*** Block opens ***

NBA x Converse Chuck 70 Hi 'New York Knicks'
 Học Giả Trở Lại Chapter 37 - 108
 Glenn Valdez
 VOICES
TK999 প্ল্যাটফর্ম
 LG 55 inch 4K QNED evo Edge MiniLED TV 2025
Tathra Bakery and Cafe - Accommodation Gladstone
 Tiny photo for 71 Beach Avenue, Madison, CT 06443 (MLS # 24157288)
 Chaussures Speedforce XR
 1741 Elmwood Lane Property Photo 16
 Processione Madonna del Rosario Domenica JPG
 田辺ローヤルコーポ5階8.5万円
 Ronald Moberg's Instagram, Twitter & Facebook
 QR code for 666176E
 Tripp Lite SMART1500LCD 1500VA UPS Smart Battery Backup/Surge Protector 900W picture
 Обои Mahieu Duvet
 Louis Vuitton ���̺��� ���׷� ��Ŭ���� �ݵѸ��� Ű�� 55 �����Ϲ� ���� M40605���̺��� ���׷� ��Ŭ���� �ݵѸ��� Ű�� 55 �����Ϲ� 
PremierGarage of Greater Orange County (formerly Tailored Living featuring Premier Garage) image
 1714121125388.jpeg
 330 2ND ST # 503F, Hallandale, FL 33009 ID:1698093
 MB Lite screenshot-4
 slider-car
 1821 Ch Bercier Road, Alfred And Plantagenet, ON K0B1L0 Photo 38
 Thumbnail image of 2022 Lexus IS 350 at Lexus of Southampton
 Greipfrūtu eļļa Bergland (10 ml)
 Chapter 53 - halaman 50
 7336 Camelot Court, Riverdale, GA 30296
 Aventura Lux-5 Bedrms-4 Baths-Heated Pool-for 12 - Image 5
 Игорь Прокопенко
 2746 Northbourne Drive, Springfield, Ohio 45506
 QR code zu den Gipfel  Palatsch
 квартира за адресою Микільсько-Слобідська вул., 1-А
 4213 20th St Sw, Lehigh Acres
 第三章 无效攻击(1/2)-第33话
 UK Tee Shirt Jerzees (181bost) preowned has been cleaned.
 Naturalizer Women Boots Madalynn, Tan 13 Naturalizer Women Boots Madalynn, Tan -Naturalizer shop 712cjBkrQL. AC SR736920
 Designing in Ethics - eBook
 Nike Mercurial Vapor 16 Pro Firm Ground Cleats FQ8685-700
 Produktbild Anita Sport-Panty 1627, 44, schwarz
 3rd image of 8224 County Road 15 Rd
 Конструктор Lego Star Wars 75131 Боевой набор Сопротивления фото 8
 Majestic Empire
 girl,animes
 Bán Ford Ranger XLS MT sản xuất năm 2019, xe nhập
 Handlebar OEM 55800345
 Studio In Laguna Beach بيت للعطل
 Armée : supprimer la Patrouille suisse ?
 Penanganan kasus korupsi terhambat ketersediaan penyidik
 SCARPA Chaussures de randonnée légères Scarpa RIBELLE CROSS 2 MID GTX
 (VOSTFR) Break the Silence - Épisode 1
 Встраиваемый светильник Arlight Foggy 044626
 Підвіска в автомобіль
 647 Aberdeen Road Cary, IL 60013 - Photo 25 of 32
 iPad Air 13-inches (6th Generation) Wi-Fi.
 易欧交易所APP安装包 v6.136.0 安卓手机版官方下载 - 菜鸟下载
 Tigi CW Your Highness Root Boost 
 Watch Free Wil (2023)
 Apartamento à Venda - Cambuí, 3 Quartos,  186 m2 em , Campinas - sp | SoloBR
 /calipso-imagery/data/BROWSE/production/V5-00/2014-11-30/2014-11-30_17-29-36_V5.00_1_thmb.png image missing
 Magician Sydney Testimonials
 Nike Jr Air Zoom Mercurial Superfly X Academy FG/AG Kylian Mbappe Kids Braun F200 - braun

*** Block closes ***

## Work to complete
Please copy the lines above from the line with "QR code zu den" up to and including the line with "Penanganan kasus korupsi", exactly as written and with nothing else.

## Response area
 QR code zu den Gipfel  Palatsch
 квартира за адресою Микільсько-Слобідська вул., 1-А
 4213 20th St Sw, Lehigh Acres
 第三章 无效攻击(1/2)-第33话
 UK Tee Shirt Jerzees (181bost) preowned has been cleaned.
 Naturalizer Women Boots Madalynn, Tan 13 Naturalizer Women Boots Madalynn, Tan -Naturalizer shop 712cjBkrQL. AC SR736920
 Designing in Ethics - eBook
 Nike Mercurial Vapor 16 Pro Firm Ground Cleats FQ8685-700
 Produktbild Anita Sport-Panty 1627, 44, schwarz
 3rd image of 8224 County Road 15 Rd
 Конструктор Lego Star Wars 75131 Боевой набор Сопротивления фото 8
 Majestic Empire
 girl,animes
 Bán Ford Ranger XLS MT sản xuất năm 2019, xe nhập
 Handlebar OEM 55800345
 Studio In Laguna Beach بيت للعطل
 Armée : supprimer la Patrouille suisse ?
 Penanganan kasus korupsi terhambat ketersediaan penyidik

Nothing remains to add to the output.